Arrivés a Port-au-Prince il nous a dit, « Port-au-Prince, c’est comme Paris, c’est la ville lumière ». Sortant de la route qui longeait la HASCO, on regardait ébahis à l’approche de l’autre cote de la baie de Port-au-Prince. On y voyait la centrale de Thor. Le port brillait de mille feux. C’était tout simplement merveilleux a nos yeux.
Mais la découverte de la Capitale avait pour nous un seul objectif : voir de nos propres yeux le Palais national. Il a fallu attendre une semaine, entre les tours et détours (Dieu qu’elle nous paraissait grande, la capitale), être gentils, polis et ne pas trainer le soir devant la télé. Le grand jour arriva. L’excitation est à son comble. Surtout pas la moindre gaffe. De la banlieue de Carrefour au centre ville… notre curiosité était a peine contenue.

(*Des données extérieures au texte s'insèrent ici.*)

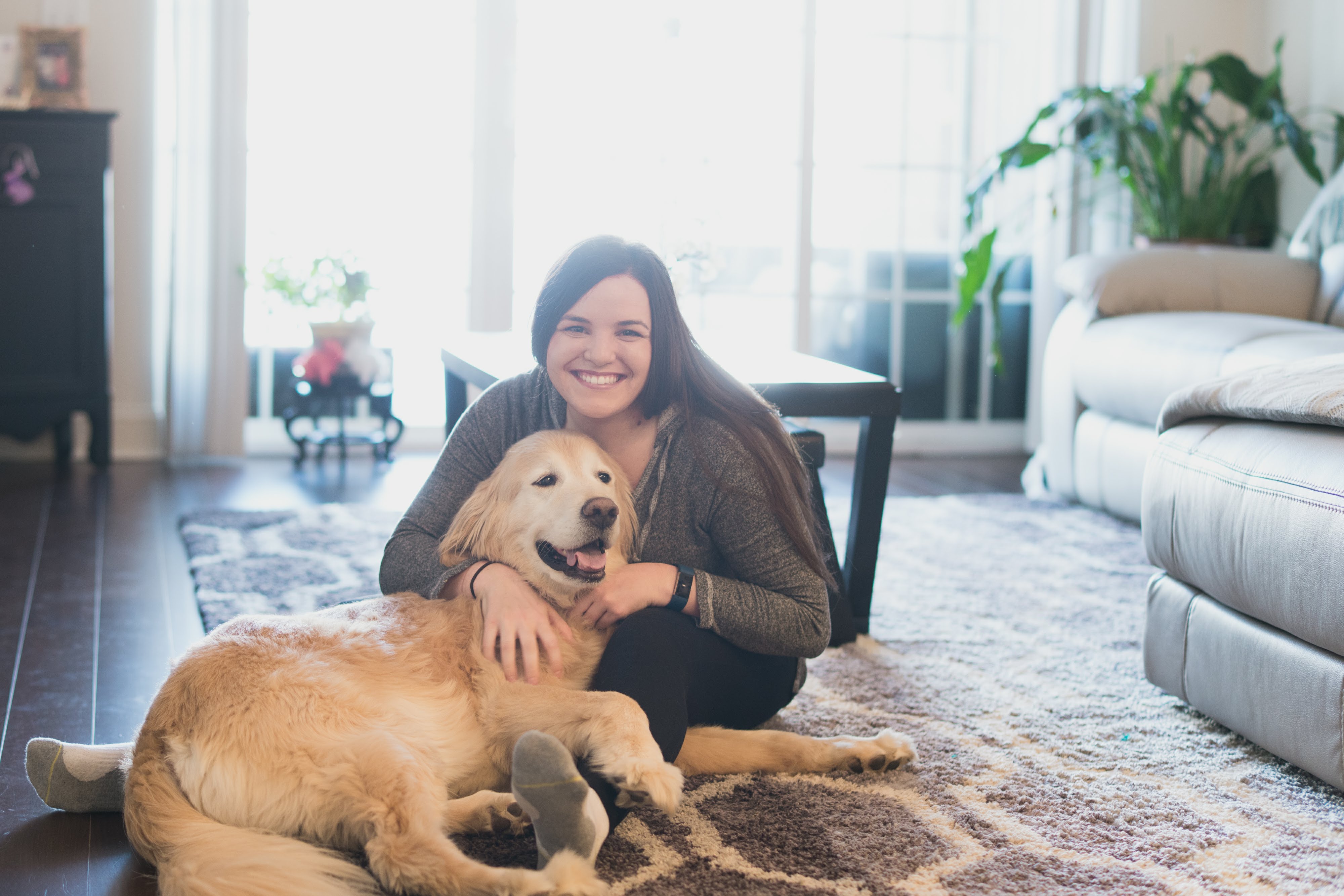 Christina Pellegrino with Buster, her therapy dog and inspiration for the Buster children’s books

Resplendissante, d’une blancheur éclatante, immaculée avec ses gazons verts, coupée a ras le sol… on regardait ces escaliers où le président recevait de la fanfare son « Ochan » !
Wow ! C’était comme a la télé et en plus beau : Le PALAIS NATIONAL.
On a presque fait le tour. Il paraissait immense. Seul l’étendard bicolore dressé au milieu se balançait dans le vide en suivant le mouvement du vent. On entrevoyait a peine les gardes fichus au fond de leurs guérites.
On ne pouvait pas s’approcher plus près. On était déçue. Mais Personne n’osa nous expliquer pourquoi.
Quelques années après, en déménageant à Port-au-Prince, notre école (Le Nouveau Collège Bird) était juste à deux blocs du Palais. Ce fut mon trajet pendant les 7 années à venir. Rien n’avait changé. Sauf que les passants, les curieux cette fois passaient à même le trottoir en laissant parfois glisser une main nonchalante sur la clôture de fer forgé. A moins que ce fut la lancée des couleurs.
Et là Hop : tout s’arrête. Les chauffeurs descendent de leurs véhicules, les écoliers droits et le buste haut. Seuls les notes de l’hymne national nous arrivent. Moment solennel. Rituel journalier où nos différences et nos divergences laissent la place a ce qui nous unit tous : On a un seul drapeau.
Plus de 20 ans après, je suis la assise au Palais. De la fenêtre donnant sur le pavillon Ouest, je regarde les grosses machines écraser sous leurs roues édentées les murs déjà marqués par la fissure.
Ce souvenir naïf de mon enfance est troublé par le bruit des pelleteurs. De temps en temps, un bruit assourdissant contraste avec le silence des lieux. Des secousses s’apparentant au 12 janvier qui ont eu raison de sa splendeur traverse toute l’enceinte.
Il est environ 4 h heures de l’après-midi. C’est l’heure de la sortie. Les employés un a un sortent et s’arrêtent. Le temps d’un regard. On chuchote. On commente entre collègues. Et puis on repart.
Le Palais n’est plus depuis le 12 janvier. Ca on le savait. Les plus incrédules ne croyaient à la magnitude de la catastrophe qu’après avoir constaté les colonnes majestueuses pliées sous le poids de la coupole, trait caractéristique de l’architecture néo-classique.
On s’y attendait explique un employé, mais c’est comme la dernière brique de la tombe, la dernière poignée de terre avant que tout finisse. C’est douloureux.
C’est comme si on nourrissait le rêve impossible de l’avoir a nouveau, avoue une autre. De revoir sa blancheur immaculée, son austérité. De revoir les parades. Le parcours du carnaval, s’arrêtant pour saluer la présidence.
Le Palais c’était plus que la résidence officielle du président, c’était aussi le patrimoine national. Celui de la mémoire de plusieurs générations.
Et aujourd’hui c’est une histoire qui se termine. Une autre est à reconstruire.